(Collected data)
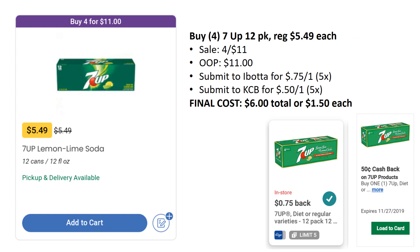A similar but slightly better deal is the 7UP 12-packs. Again, regularly priced $5.49, but on sale this week four for $11. You'll pay $11 out of pocket, but the Ibotta rebate is $0.75 back on one up to five times, and Kroger Cashback is $0.50 back on one up to five times. Final cost is $6 total or $1.50 each. You can do both of these deals — grab four 7UP and four Canada Dry for a really awesome soda stock-up.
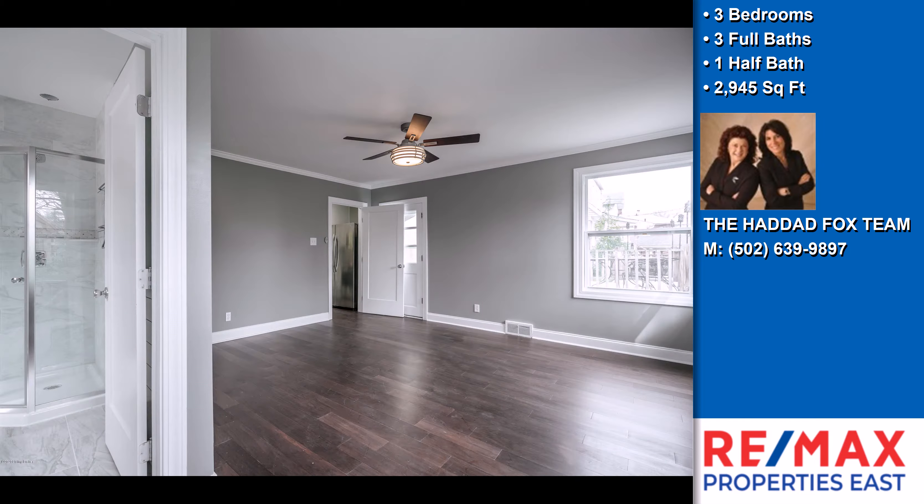On the outside, this property features a lower level garage, a patio, a shingle roof, and a brick exterior finish. The approximate square footage is 2,945 square feet. This property is represented by the Hanad Fox team at REMAX Properties East.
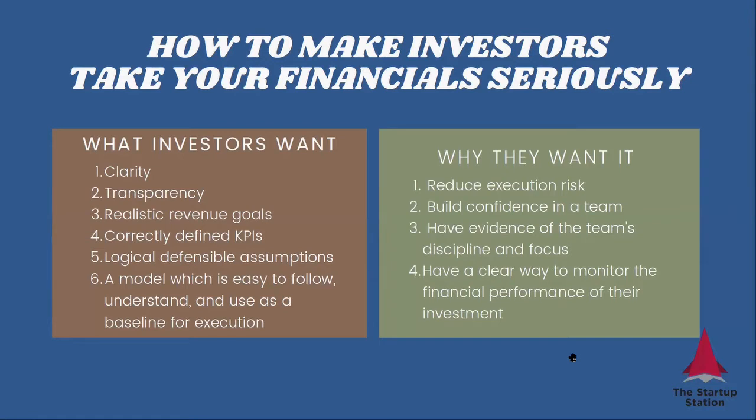What investors want to see in financials is clarity — they want to see exactly what is happening and when. If you're generating revenues, they want to see how you're going to do it. They want to see your revenue-generating logic, they want to see the assumptions behind your go-to-market strategy. They want transparency — they want to understand where all of those assumptions are coming from. If you can't explain your inputs and the logic you're using to produce the output, the result is invalid.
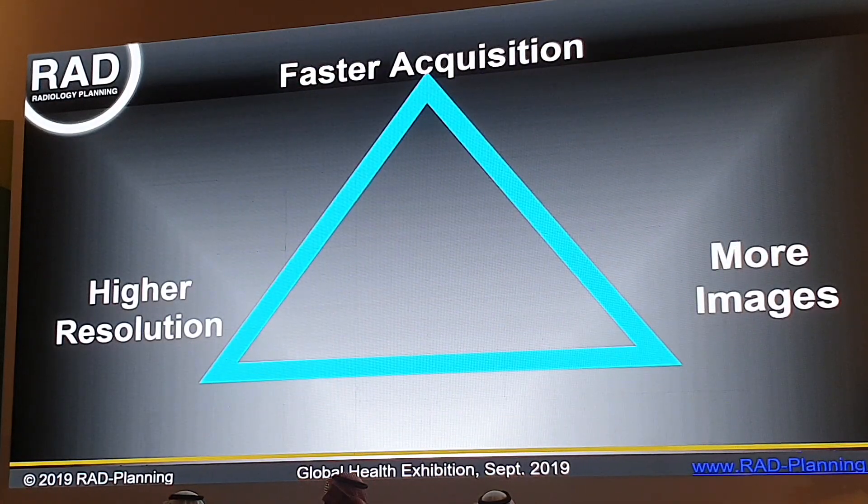When you have additional capacity — new machines, faster machines, more capability — you are confronted with a set of three possible applications of that new technology. We can either use that technology to acquire the same images, the same number, the same quality, only do it much faster. We can improve the resolution and make the same images more attractive. Or we can collect more images — for example, a CT study previously done with four slices could now be done with six or eight slices.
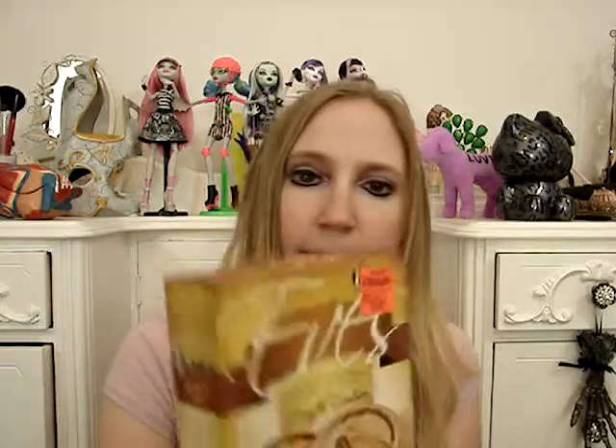Last but not least, I got these truffle cookies — they're a milk chocolate topped cookie with creamy caramel filling, and these are $1.99. They're by a brand called Wolfgang, which is a local chocolatier in the town that I live in. I don't know how widespread the Wolfgang brand is, but it's local here. They look really good and I've always liked Wolfgang candies.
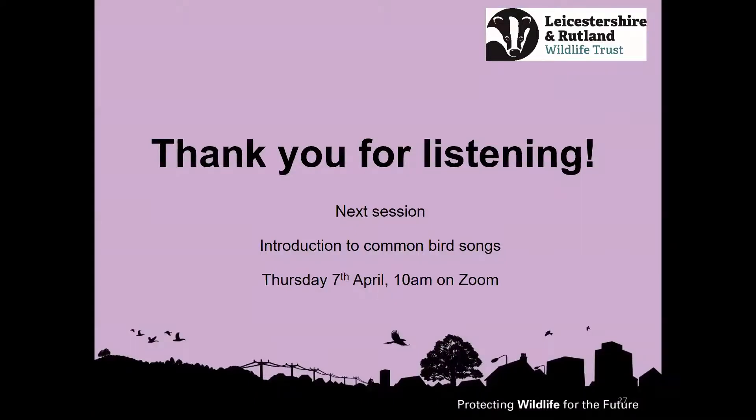That's kind of the end of the species for today — we've actually been through 12 species and looked at some other signs of spring. Thank you very much for continuing to join these sessions. The next session is an introduction to common bird songs — still using our other senses, listening to see if we can understand a bit more about the birds that you hear. That's a different day and time — Thursday the 7th of April at 10 o'clock on Zoom. It will be recorded and we'll pop it on our YouTube channel afterwards.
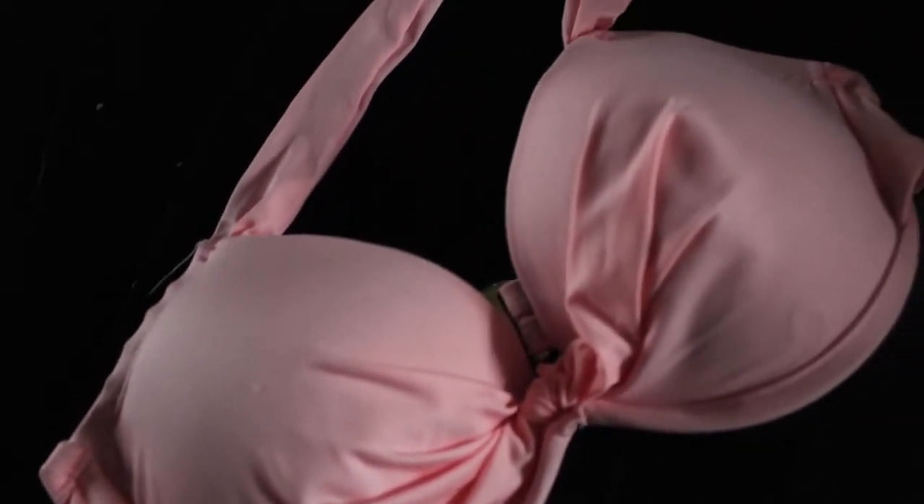Now we're going to get into Target, which I have a lot from. Target is such a great place if you don't want to spend as much money as you do at Victoria's Secret — Target is like the next big thing. We have this one: it's a pastel-y pink color, ties up at the top, it's a halter, and it's cute. It has ruching and a little knot in the middle.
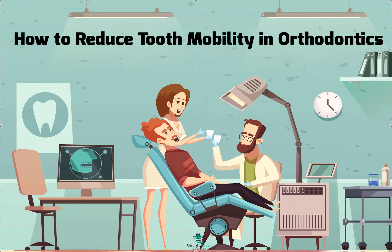Hey, it's Dr. Amanda from Straight Smile Solutions - straightsmilesolutions.com. Today I'm going to be talking about mobility in teeth during orthodontics. It doesn't matter if you're doing braces or aligners; unfortunately it's one of those things that can happen.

PROBLEM DESCRIPTION.
All lines above starting at the one with "On the outside, this" and ending at the one with "What investors want", inclusive, are to be printed again exactly, with the pictures left out.

FINISHED EXERCISE.
On the outside, this property features a lower level garage, a patio, a shingle roof, and a brick exterior finish. The approximate square footage is 2,945 square feet. This property is represented by the Hanad Fox team at REMAX Properties East.
What investors want to see in financials is clarity — they want to see exactly what is happening and when. If you're generating revenues, they want to see how you're going to do it. They want to see your revenue-generating logic, they want to see the assumptions behind your go-to-market strategy. They want transparency — they want to understand where all of those assumptions are coming from. If you can't explain your inputs and the logic you're using to produce the output, the result is invalid.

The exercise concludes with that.